Colin Burrow | Biography

Biography



All Souls College Library


I am a Senior Research Fellow and Professor of English and Comparative Literature at All Souls College, Oxford, where I am also Fellow Librarian.

I was at Bristol Grammar School before I took my BA in English Literature at Gonville and Caius College, Cambridge, in 1985. I completed a D. Phil. in 1989 at New College, Oxford, on 'The English Humanist Epic 1580-1614', having returned to Caius as a research fellow in 1987. In 1989 I became a teaching fellow in English at Caius and a University Lecturer in the Faculty of English. I served as Tutor and Director of Studies, and became a Reader in Renaissance and Comparative Literature in 2003. At Cambridge I lectured on Tragedy, Milton, Spenser, Shakespeare, and on Early Tudor and Late Elizabethan literature, as well as on a number of topics in classical literature, and ran a number of aspiration raising and outreach initiatives. At All Souls I do some lecturing in the Faculty of English and supervise graduate students, but principally I focus on my research. I also serve as one of the editors of The Review of English Studies, and review regularly for The London Review of Books, which is always fun.

I am mainly a literary critic rather than an historian or an editor. My main area of research lies in the relations between Renaissance literature and its classical forebears, though I also have active research interests in early Tudor literature, Spenser, Jonson, Milton, in Shakespeare, and in contemporary poetry and poetics. I have also edited a number of texts, particular the poetic works of early modern writers who are principally remembered as dramatists (Shakespeare, Jonson, and Marston).

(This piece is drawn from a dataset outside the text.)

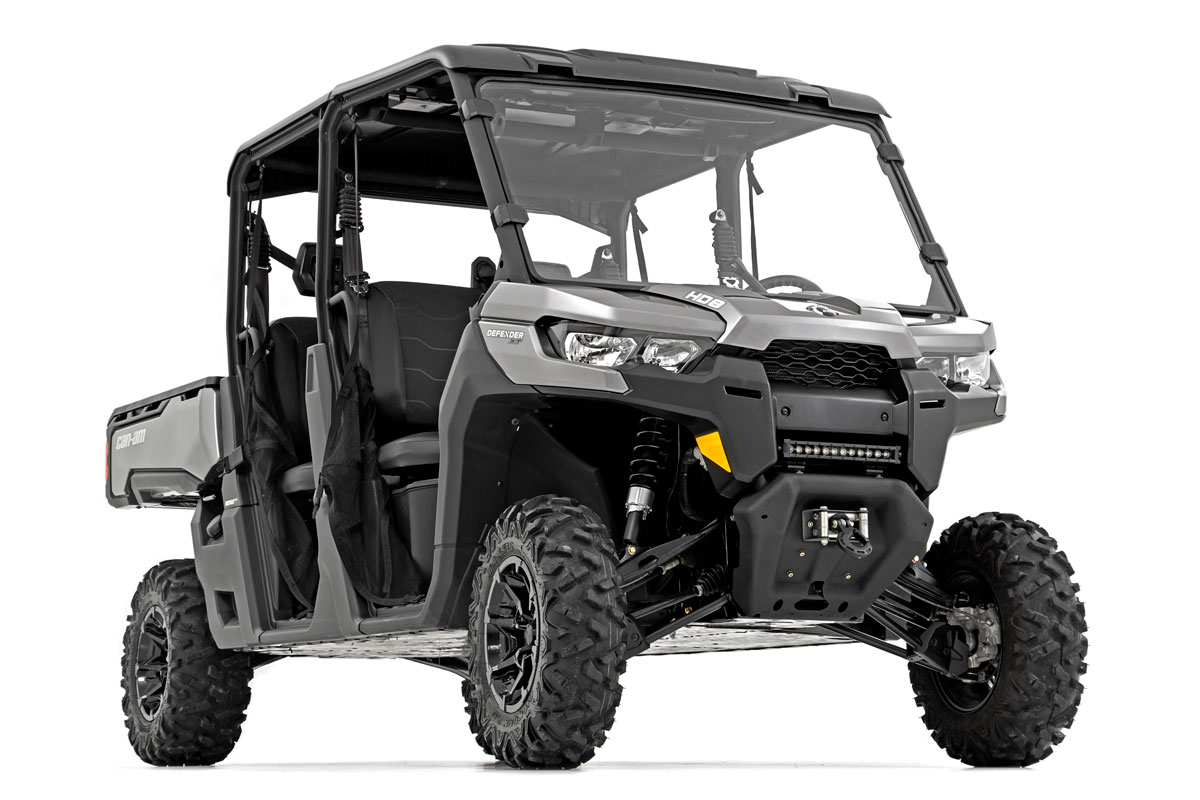 3-Zoll-Lift Kit | Can-Am Defender HD 5/HD 8/HD 9/HD 10 — Bild 3
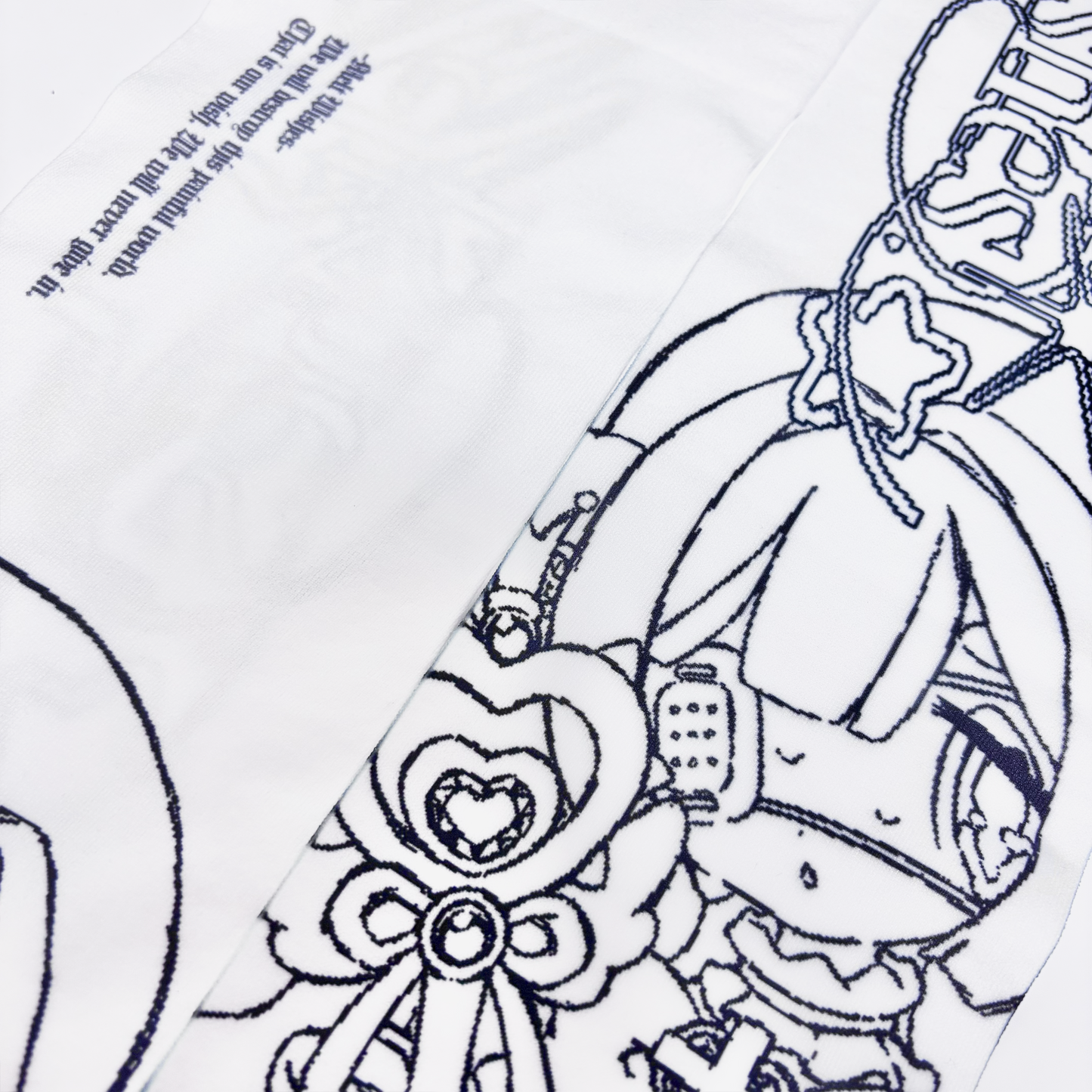 OVERNEE -MAGICAL GIRL-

I am presently writing a history of Elizabethan literature for the Oxford English Literary History, of which I am (with Jonathan Bate) General Editor. I am also completing an edition of snarling satires and other poems for the Oxford Edition of the Works of John Marston. 

Essays in the pipeline include a piece on poetry and political advice from Wyatt to Hill, an essay on what 'practical criticism' looked like in the Elizabethan period, and a piece about a hitherto unknown translation from Boccaccio which I discovered in the binding of a book in the Codrington Library.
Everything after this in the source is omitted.